Western Australian mining services supplier Murray Engineering and global technology company Siemens have collaborated to develop a ground-breaking high-powered electric vehicle charging station for use at mines both below and above ground.  

The charging stations will first be used to power a new light electric vehicle (eLV) being designed and manufactured by Murray Engineering, providing a holistic fully enclosed solution specifically designed to handle the toughest underground mining conditions in Australia. 

This announcement comes at a time when the mining industry is looking at electric vehicles to reduce their CO2 emissions and to protect the health of workers through reduced exposure to diesel fumes. The first of Murray Engineering’s eLVs will be ready for testing by the end of 2020, with potential application at mine sites by mid-2021. Murray Engineering has the scale and access to test the solution through its strategic relationship with Byrnecut, the largest underground mining contractor in the country, which also owns one of the largest fleets of light vehicles used in mines. 

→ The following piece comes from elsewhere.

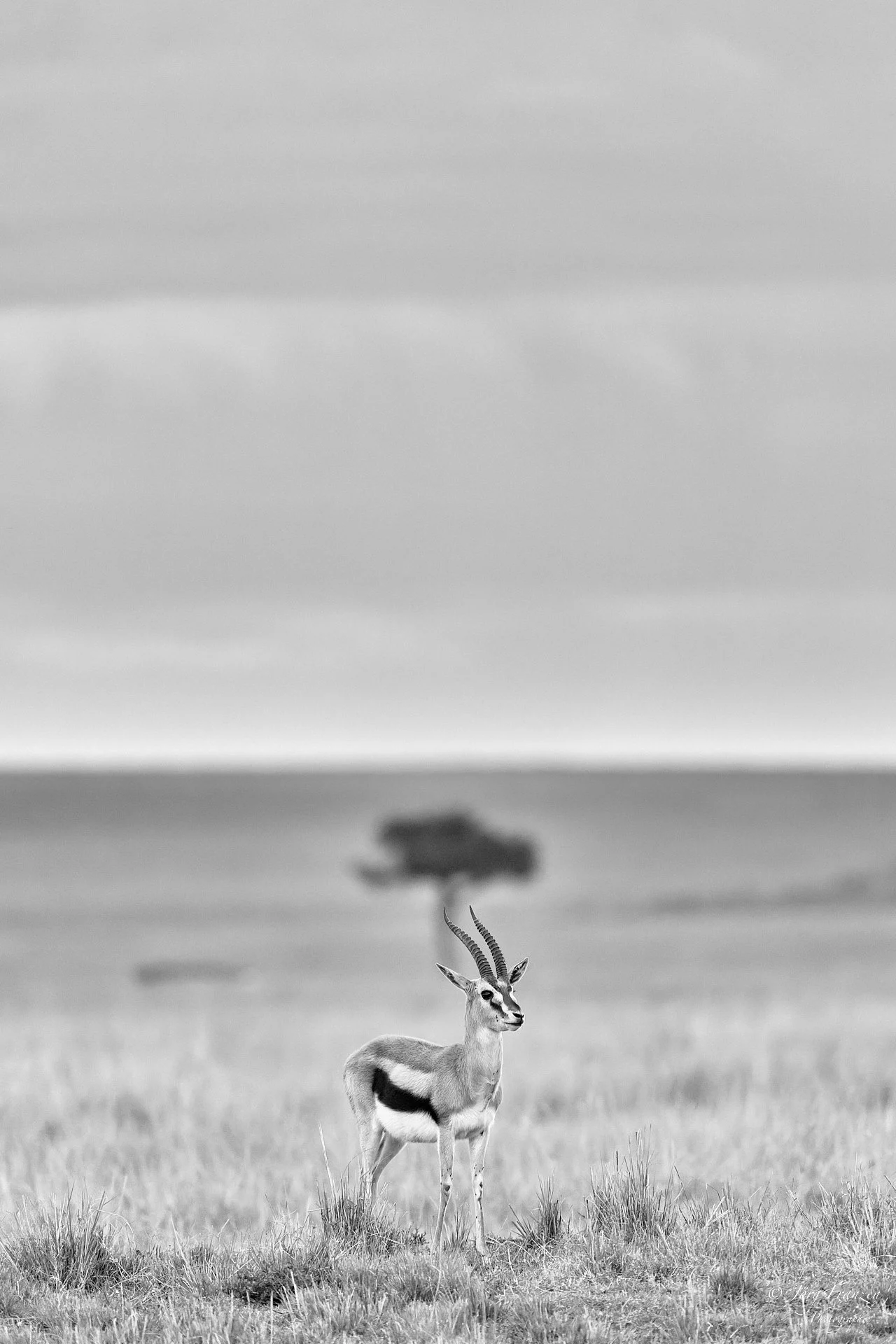 Gazelle vor Schirmakazie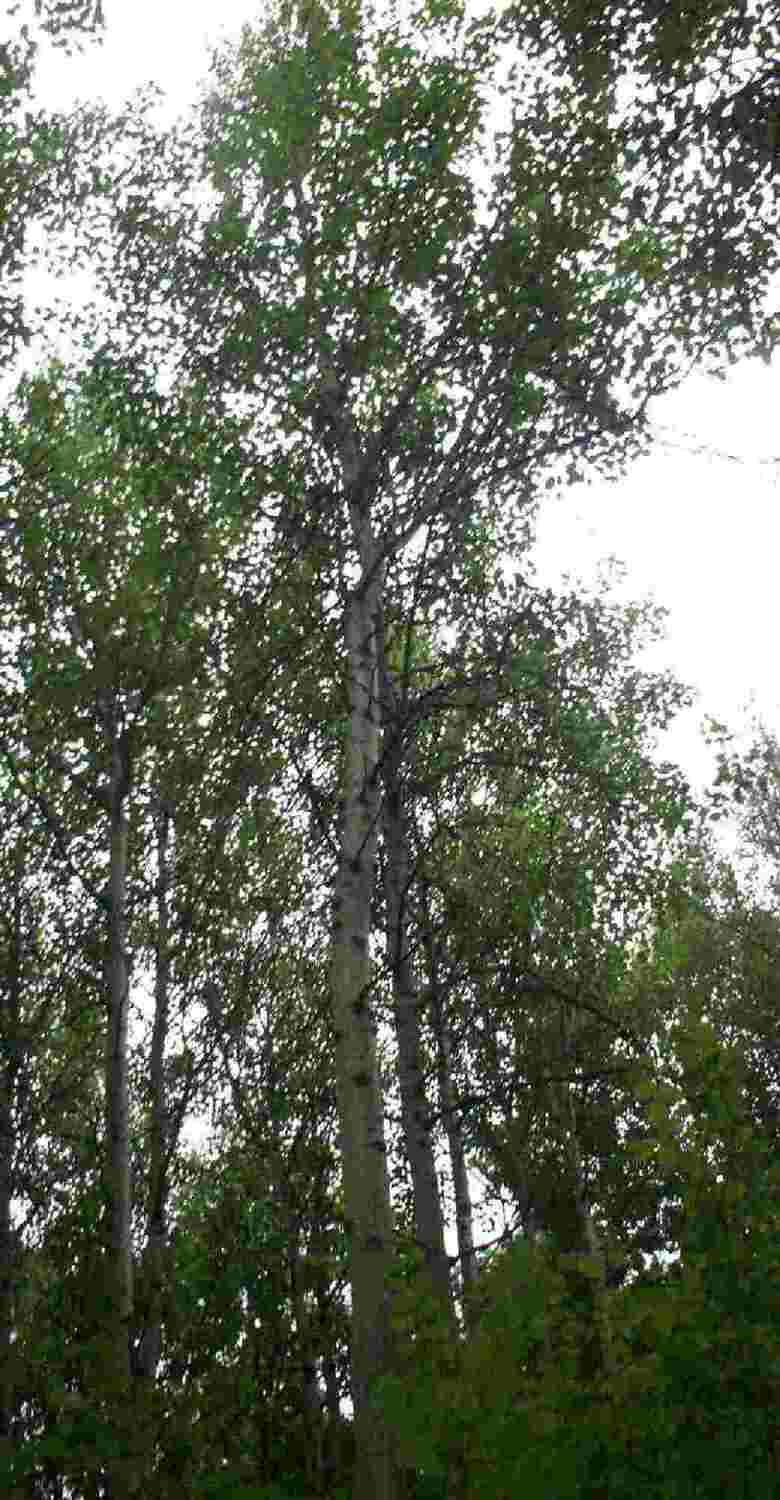 Раскраска Дерево осина | Раскраски деревья, их листья, цветение и семена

Siemens Australia Pacific CEO Jeff Connolly welcomed the partnership saying: ‘The partnership with Murray Engineering helps address a future need by trialling something that has never been done in one of Australia’s most critical industries.’ 

Siemens will provide its Sicharge UC high power DC chargers, which provide a super flexible output range from 125kW to 600kW with five frontends on each station as well as pantograph charging. Siemens Sicharge UC200 can deliver 200kW and is already onsite at Murray Engineering headquarters in Pinjarra. The flexible high-power range of Siemens Sicharge UC portfolio enables the charging stations to scale for light, medium and heavy vehicles. 

Murray Engineering will design and fabricate a heavy-duty enclosure to protect the unit from the harsh underground conditions and enable ease of manoeuvrability. The enclosures will be air conditioned to protect the chargers and will have human machine interface (HMI) panels on the outside to control the unity. These high-powered units will allow vehicles to be fully charged in minutes (rather than hours). 

Dr Max Ong, Innovation and Technology manager at Murray Engineering, said, ‘Existing battery and charging solutions have fallen short of miners’ expectations where it matters most. Their commitment to cleaner, healthier and sustainable energy requires that the technology delivers equal benefits to productivity, safety and efficiency.’ 

Murray Engineering owns and operates a large fleet of light vehicles in its own right and integrates mine specification to over 100 vehicles annually. 

‘Many existing electric vehicles designed for mining are matched to their own specific charging station, making the solution inefficient and expensive in the long run. The solution we are working on will be vehicle agnostic and has the potential to be scaled up as required. The importance of local manufacturing on Australian soil has never been so important,’ Dr Ong said.